In ’88, you probably used Travellers’ Cheques, which, for those too young to remember them, had to be ordered in advance from your local bank. These pieces of paper could be exchanged at certain outlets in Germany for Deutschmarks, the West German currency. These effectively just looked like random pieces of coloured paper with figures on them. It didn’t matter what their relative value was, because they were mostly used for buying beer. After which you were given handfuls of random coins to fill your pockets, which you would then carry home with you, where they would sit in a drawer, where they probably still are. At France this year, you’ll be able to walk straight into any delicatessen and know exactly just how much they're ripping you off for a croissant.

No standing

Terraces
Terraces

After the Hillsborough disaster in 1989 Margaret Thatcher banned standing in football stadiums in English football in an effort to combat hooliganism. It worked very well and in 1998 Uefa followed suit, mandating that all games under its jurisdiction to be held in all-seater stadiums.
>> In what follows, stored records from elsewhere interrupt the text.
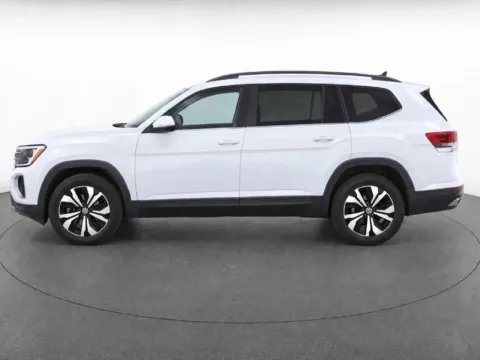 More photos of 2024 Volkswagen Atlas 2.0T SE at Emich Volkswagen, CO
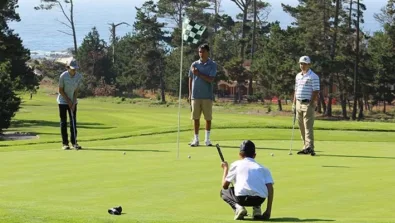 Pebble Beach On Course Putting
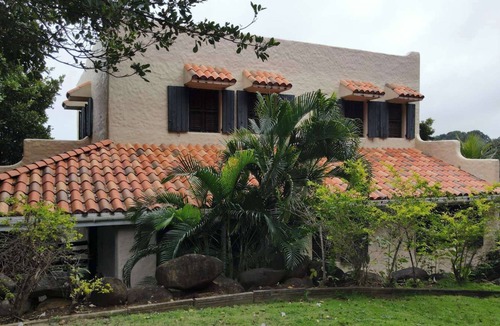 Calibishie Villa | Villa Vista-Luxury Private Beachfront Villa with Spectacular Views!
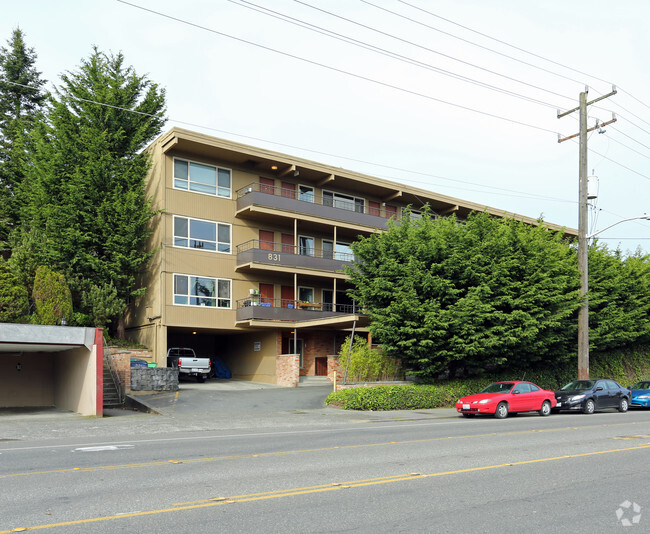 Building Photo - Lynn Vista Apartments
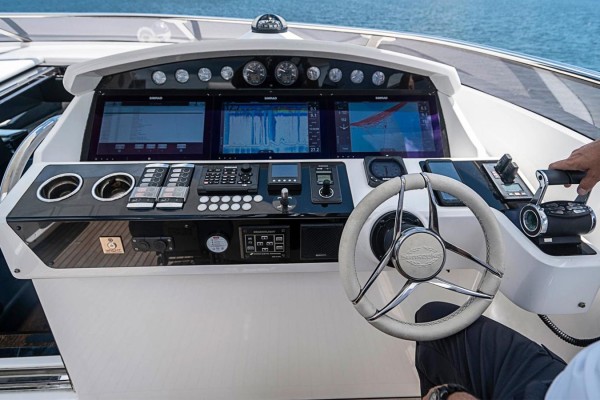 2017 Sunseeker 95 Yacht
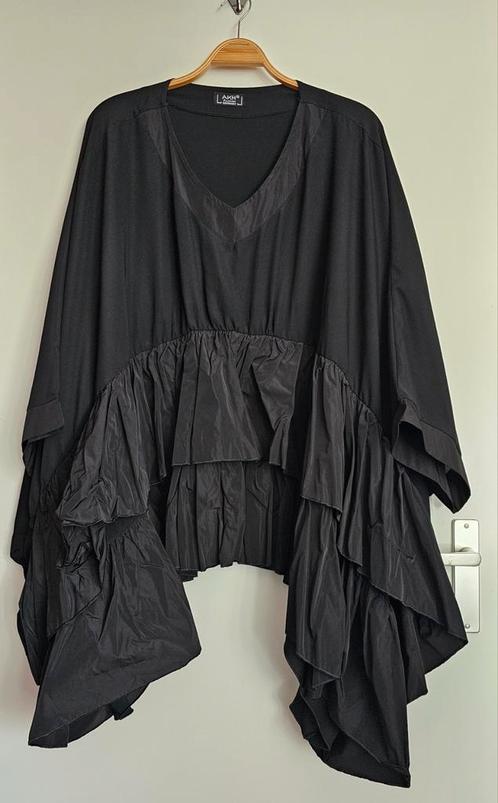 AKH; WAANZINNIG NIEUW UNIEK WIJD TUNIEK € 65,-, Kleding | Dames, Grote Maten, Zo goed als nieuw, Blouse of Tuniek, Zwart, Ophalen of Verzenden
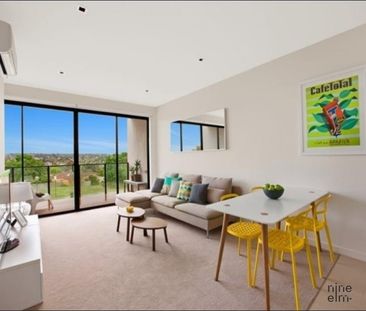 Fully Furnished/9 Magnolia Walk, Burwood VIC 3125 - Townhouse For R... - Photo 5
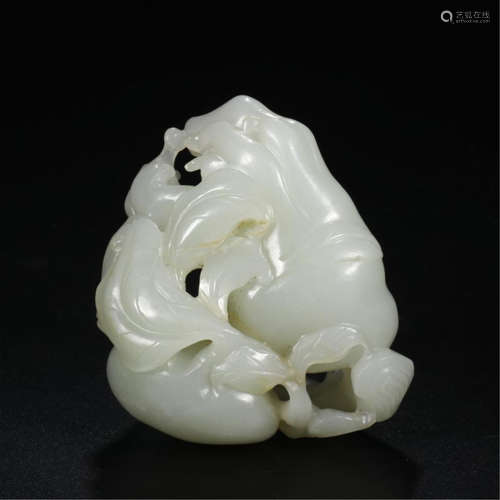 CHINESE CELADON JADE BUDDHA HAND TABLE ITEM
So this year at every game you go to, you’ll get your own seat. Handy for resting the legs and definitely safer for all concerned. At Euro '88 though, the terraces were all-standing and the craic on the stadium steps with the drummers and the costumes made for a carnival atmosphere.

Short shorts

Yep. Back then short shorts were in. Just what they were thinking, we’re not quite sure, but comfort was a big factor. All that traveling over land and sea must have been much more bearable when you could relax in your football shorts. Given the traditional summer weather Ireland gets, this was a rare outing for Irish football supporters' legs. Many Irish supporters returned from Euro 88 still peeling skin from sunburnt legs. We don’t think you’ll encounter too many short short wearers in France this time around, but if you do, they’re most likely hipsters.

Security lock down

France will be under a watertight security lockdown considering the recent events in Paris. Back in ’88, you could bring a sports bag full of cans pretty much anywhere without anyone batting an eyelid.

Iconic ‘tache

If Euro '88 can be remembered for any one fashion statement, it is the iconic ‘tache. It lead to an entire generation of Irish men religiously growing hair on their upper lips, whether they could convincingly do it or not. We’re not sure what the facial hair statement at France 2016 will be, but most likely, the beard will feature in some configuration or another.